*What you have to do*
From the listing below, output the lines between the one with "1647 Turner Rd, Mebane, NC 27302" and the one with "Kupte si levné", including those two, and nothing else. Pictures are not copied.

*Dataset entries*
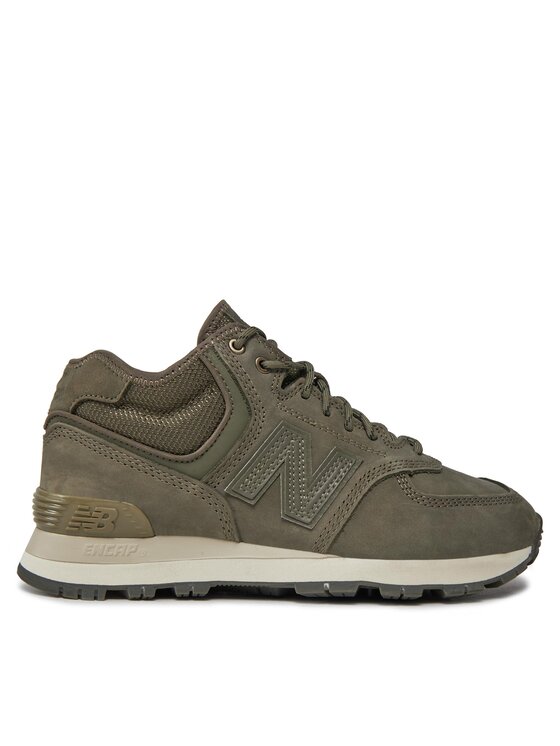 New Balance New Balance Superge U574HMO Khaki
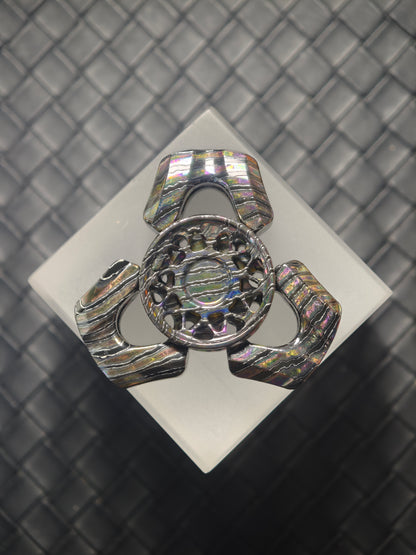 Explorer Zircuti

* * *

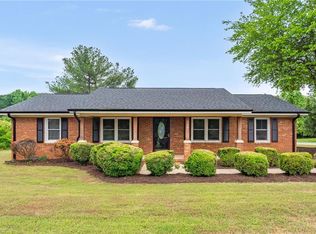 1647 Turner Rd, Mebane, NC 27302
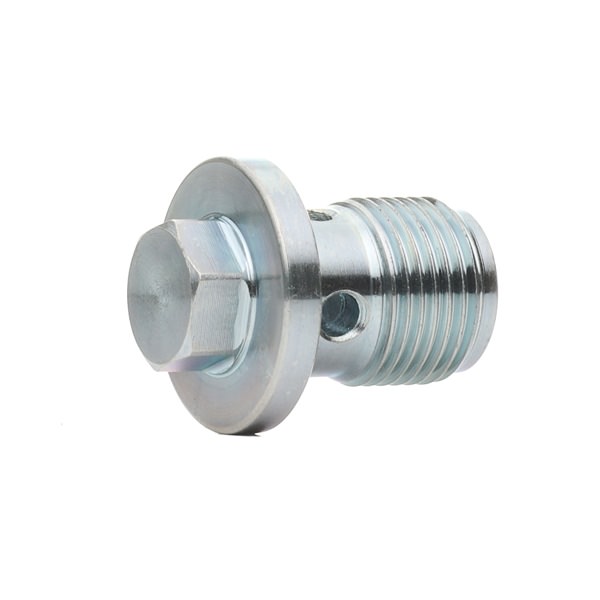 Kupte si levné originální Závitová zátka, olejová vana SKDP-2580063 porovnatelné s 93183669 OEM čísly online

*Answer section*
 1647 Turner Rd, Mebane, NC 27302
 Kupte si levné originální Závitová zátka, olejová vana SKDP-2580063 porovnatelné s 93183669 OEM čísly online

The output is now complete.